The Wall Street Journal has an interesting piece about small Internet firms that have filed antitrust lawsuits against Google. It just so happens that the attorney representing these small companies, Rick Rule, is also the longtime chief outside counsel on competition issues for Microsoft.
A coincidence? An excerpt from the story:
“My reaction was, ‘What the heck is this?’ ” says Mark Sheriff, an Ohio attorney who represents Google, speaking of the involvement of Mr. Rule and his powerhouse law firm, Cadwalader, Wickersham & Taft LLP, whose antitrust practice is based in Washington, D.C. “It’s not every day that a big D.C. law firm like Cadwalader gets involved in a collections lawsuit in Ohio.”
More:
To Google, the pattern is clear: It contends Microsoft is embarking on a proxy war against it through various apparently unrelated cases, preparing the ground for a broader antitrust assault of some sort on Google’s dominance in the online world. “It’s become clear that our competitors are scouring court dockets around the world looking for complaints against Google into which they can inject themselves, learn more about our business practices, and use that information to develop a broader antitrust complaint against us,” said a Google spokesman, Adam Kovacevich.

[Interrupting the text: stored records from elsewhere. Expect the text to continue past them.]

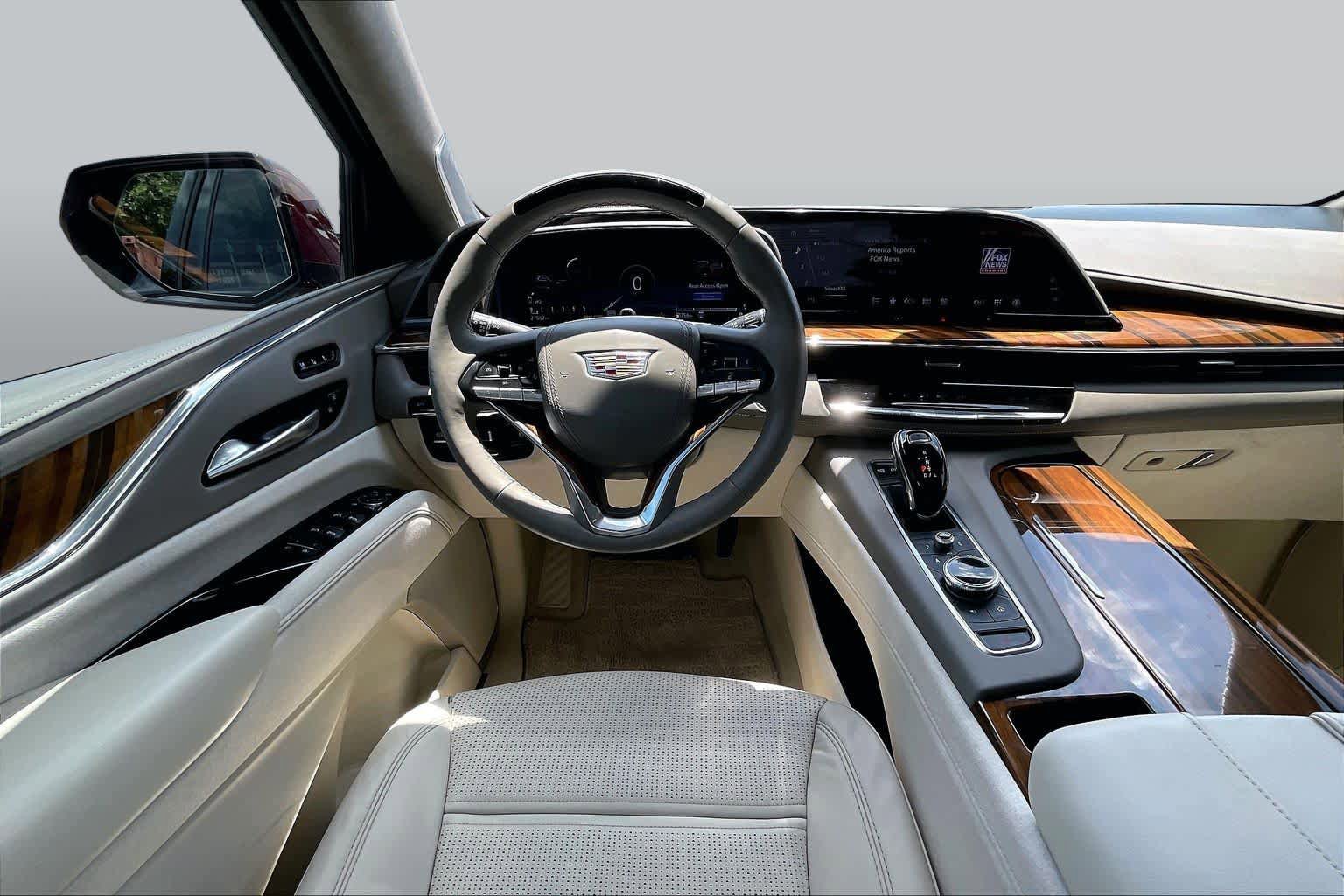 Used 2024 Cadillac Escalade ESV Sport Platinum AWD/4WD image 6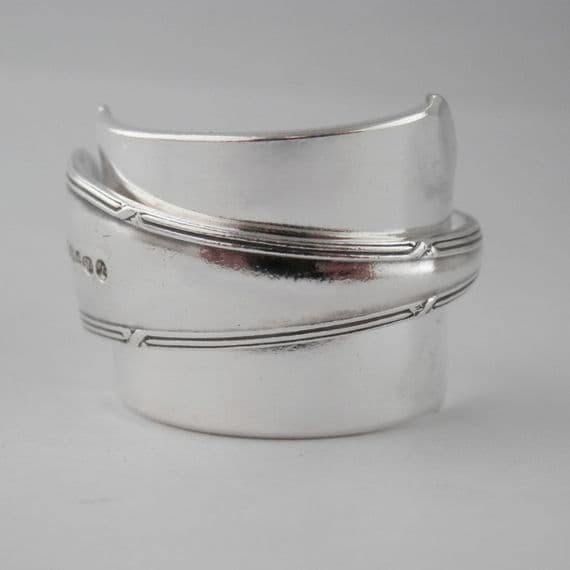 Unusual Heavy Folded Spoon Ring Sterling Jubilee Hallmark 2022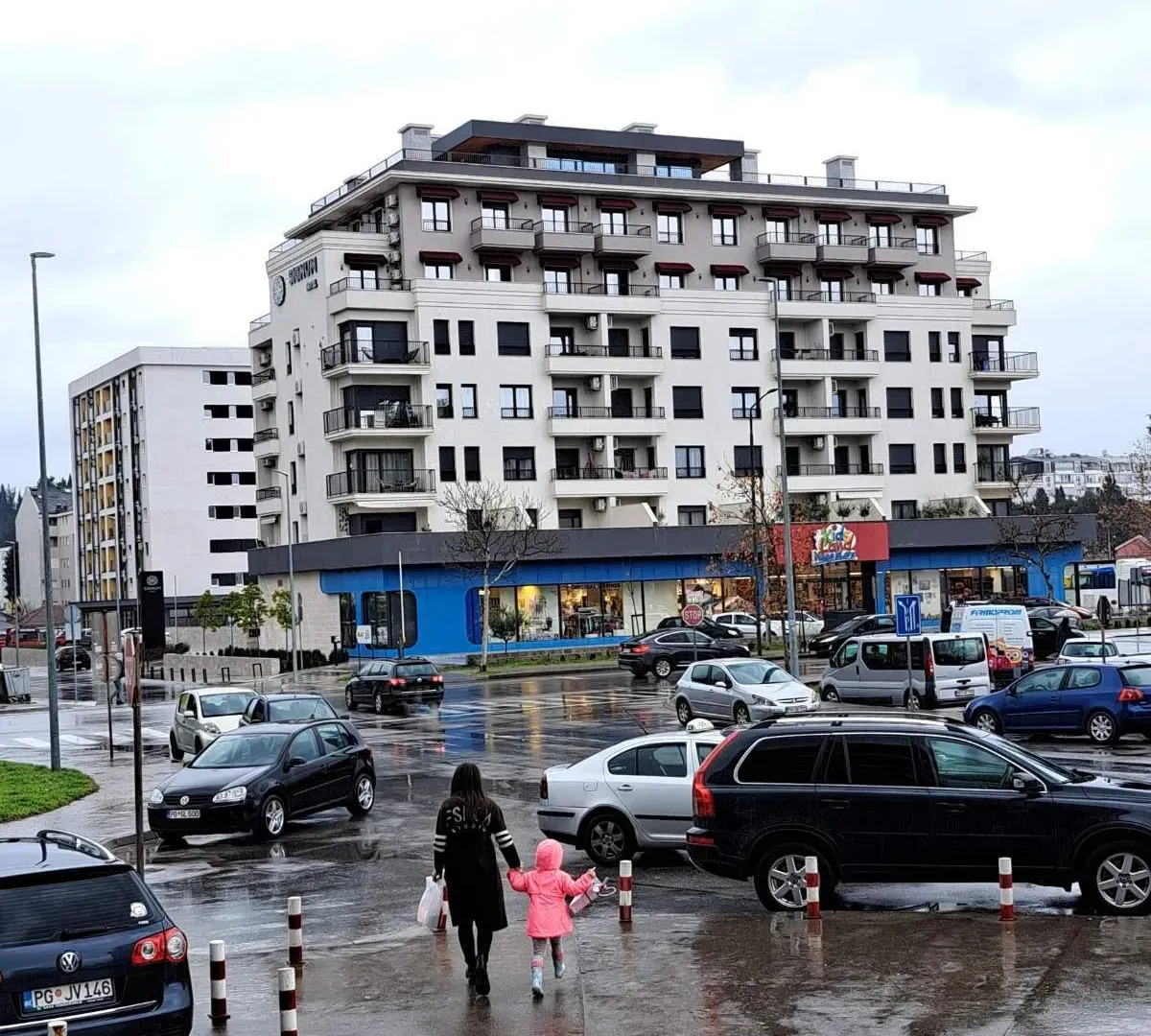 Rent, apartment, 45m², Pobrežje, Podgorica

Microsoft calls that nonsense. It says it neither initiated nor is funding the small Internet firms’ antitrust lawsuits. The plaintiffs and their legal counsel also deny that Microsoft orchestrated the actions. The Internet firms say they chose Cadwalader and Mr. Rule on their own.
If Microsoft is indeed behind the lawsuits, it would be a pretty clever strategy and obviously, a role reversal:
For many years, it was Microsoft that had to fight off charges–from the Justice Department and from European authorities–of abusing its market power to crush rivals. The official challenges followed numerous complaints from competing software companies, such as Web-browser maker Netscape Communications Corp.
Some legal experts think Microsoft now is taking a page from those firms’ playbook to try to stir up official scrutiny of its own nemesis, Google. “Microsoft is doing a lot to try and harass Google on the antitrust front,” says Eric Goldman, director of the High Tech Law institute at the Santa Clara University School of Law in California.
As the Justice Department’s antitrust chief Christine Varney put it, “Microsoft is so last century.” Google wears the bullseye now. Should be an interesting story to follow.